For the cannoli shells: Mix flour, sugar, cocoa powder (if using), and salt in a bowl. Add cubed butter and mix until coarse crumbs form. Add egg yolk, vinegar or lemon juice, and white wine. Stir to combine and form a dough. Knead for 5-7 minutes, cover, and let rest for 30 minutes. Roll dough out thinly and cut into 3-4 inch circles. Wrap each circle around a metal cannoli tube, sealing edges with water.
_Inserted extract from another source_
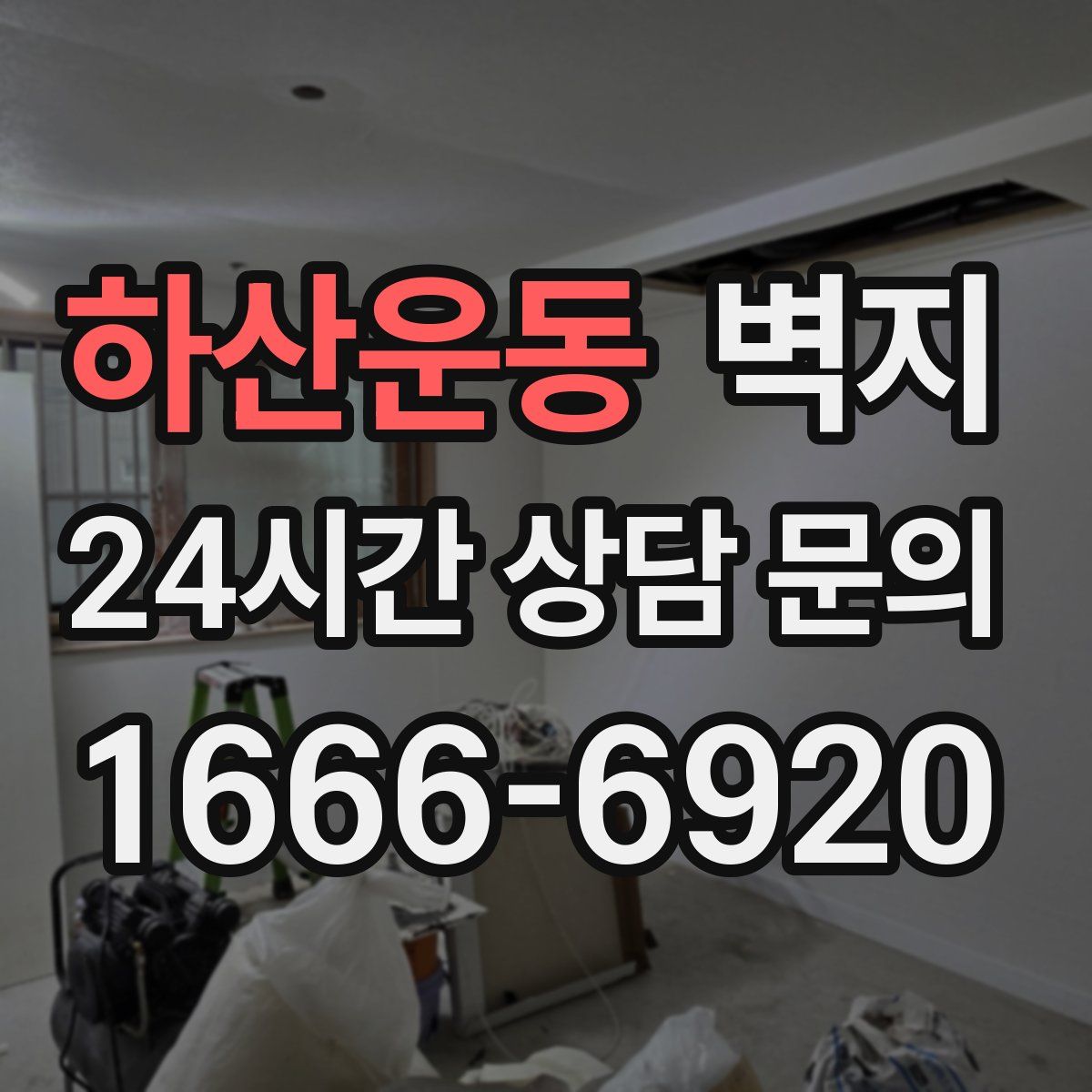 하산운동 벽지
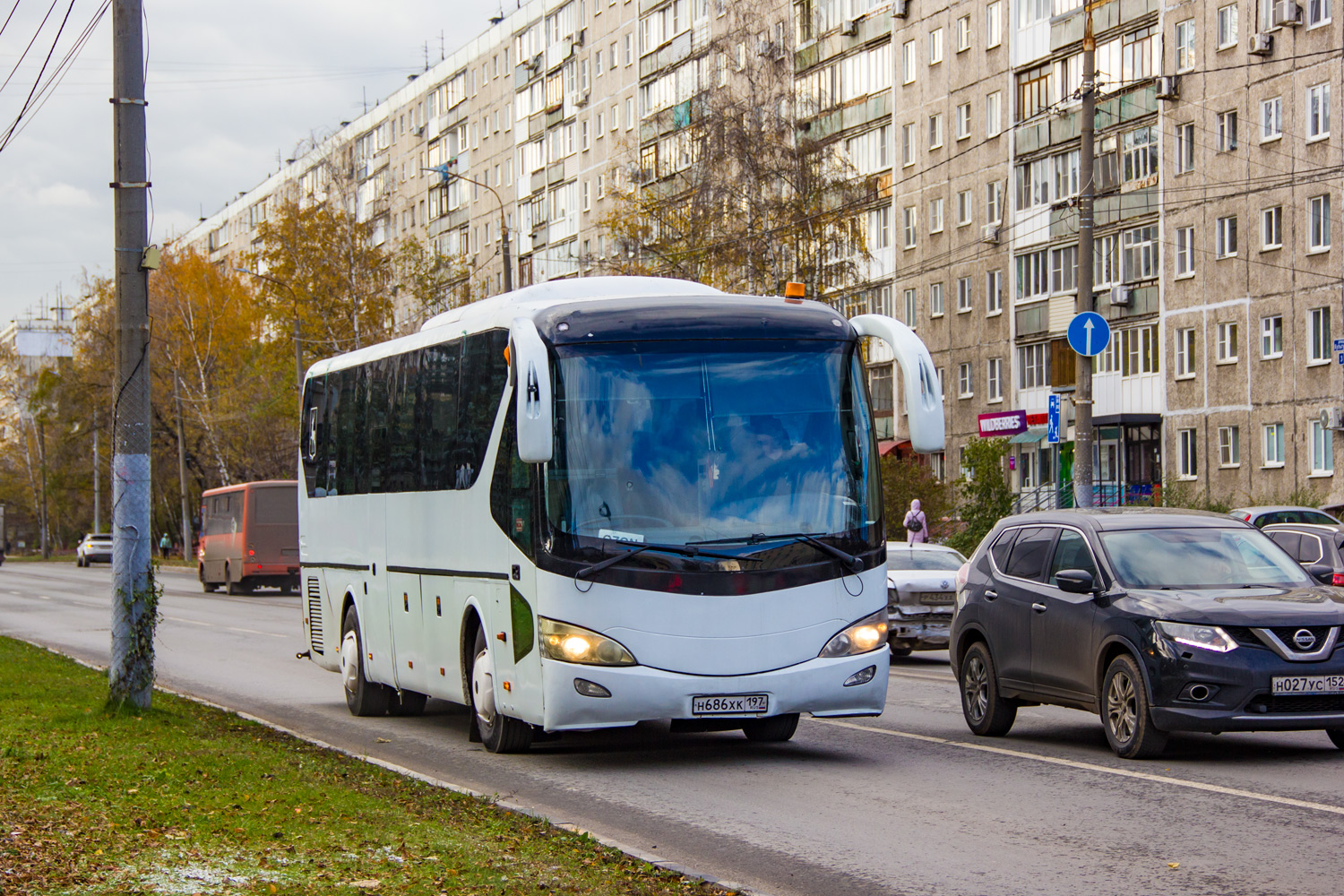 Нижегородская область, Yutong ZK6119HA № Н 686 ХК 197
  1. Heat oil to 350°F (175°C) in a deep fryer or large pot. Fry the shells for 2-3 minutes until golden and crisp. Remove and drain on paper towels. Cool completely before removing from tubes.
  2. For the filling: Drain ricotta if necessary. Mix ricotta, powdered sugar, vanilla extract, and cinnamon (if using) until smooth. Add mini chocolate chips and candied peel or zest for added flavor.
  3. Fill the cooled cannoli shells with the ricotta filling using a pastry bag or spoon. Dust with powdered sugar and garnish with extra chocolate chips or candied fruit if desired.

Notes

  • For the best result, fill the cannoli shells just before serving to prevent sogginess.
  • Store the shells in an airtight container at room temperature for up to 3 days.
  • You can customize the filling with flavored extracts, such as almond or citrus, or substitute with mascarpone for a different texture.